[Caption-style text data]
———

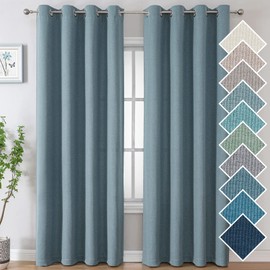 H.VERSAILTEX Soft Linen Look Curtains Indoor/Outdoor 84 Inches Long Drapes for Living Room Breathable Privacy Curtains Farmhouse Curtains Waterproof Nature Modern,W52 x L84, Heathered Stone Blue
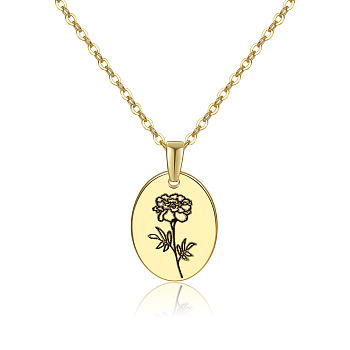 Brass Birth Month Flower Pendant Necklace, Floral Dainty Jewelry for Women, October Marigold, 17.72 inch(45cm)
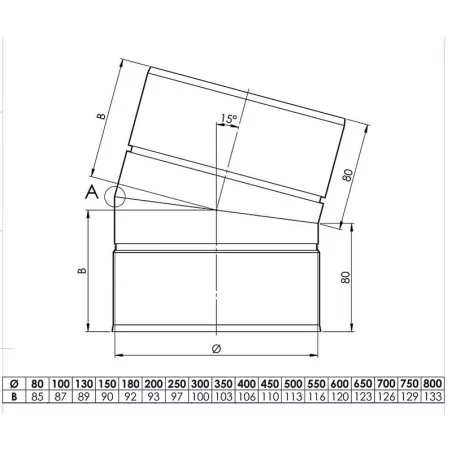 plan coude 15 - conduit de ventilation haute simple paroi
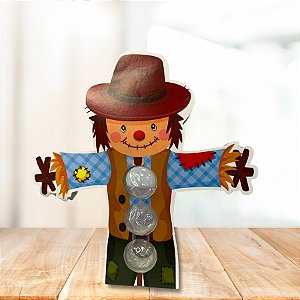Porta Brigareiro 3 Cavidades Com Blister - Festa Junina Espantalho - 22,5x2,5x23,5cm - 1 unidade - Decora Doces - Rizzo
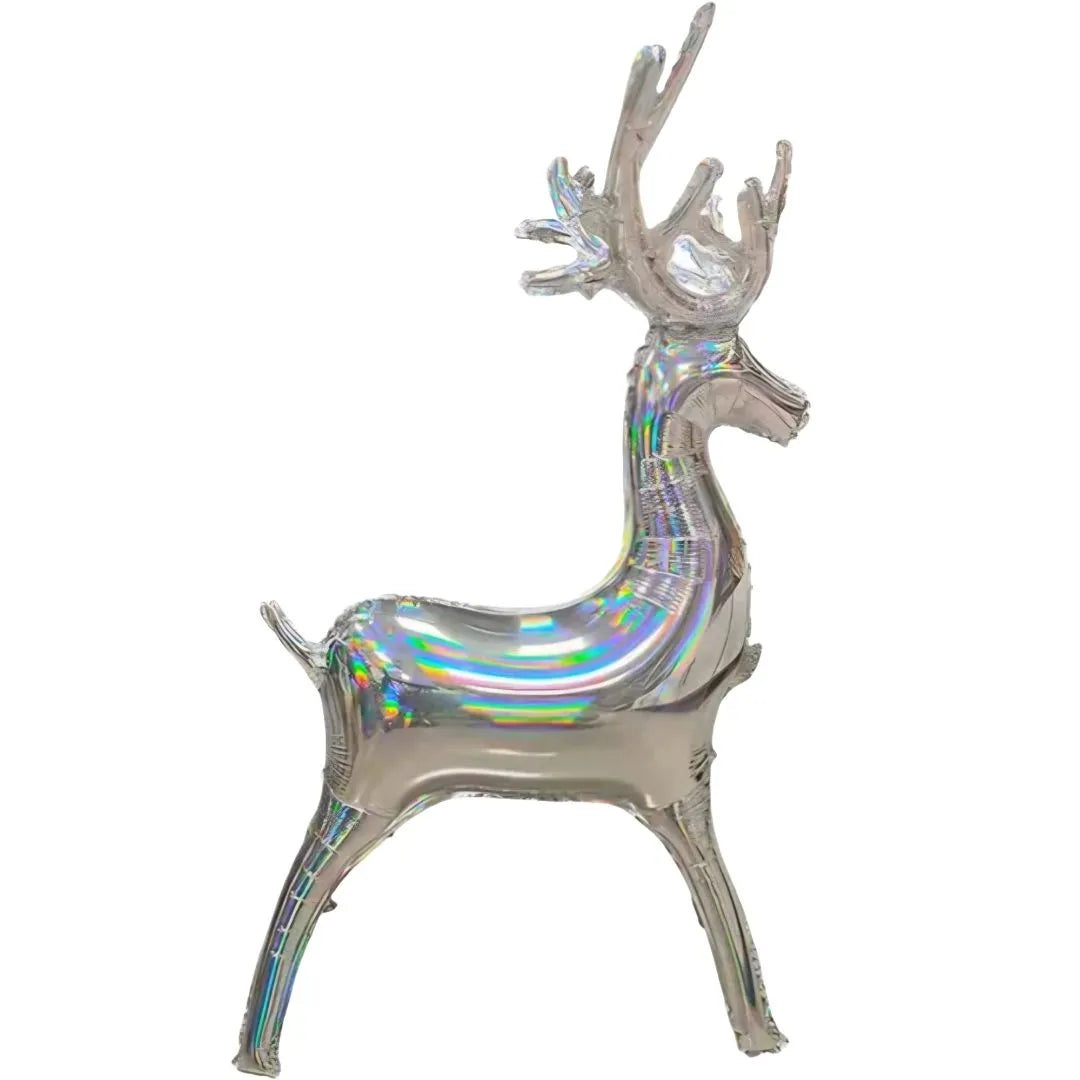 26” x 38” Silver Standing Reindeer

———

WORK TASK =>
Return every entry above exactly. Pictures stay out.

REPLY =>
 H.VERSAILTEX Soft Linen Look Curtains Indoor/Outdoor 84 Inches Long Drapes for Living Room Breathable Privacy Curtains Farmhouse Curtains Waterproof Nature Modern,W52 x L84, Heathered Stone Blue
 Brass Birth Month Flower Pendant Necklace, Floral Dainty Jewelry for Women, October Marigold, 17.72 inch(45cm)
 plan coude 15 - conduit de ventilation haute simple paroi
Porta Brigareiro 3 Cavidades Com Blister - Festa Junina Espantalho - 22,5x2,5x23,5cm - 1 unidade - Decora Doces - Rizzo
 26” x 38” Silver Standing Reindeer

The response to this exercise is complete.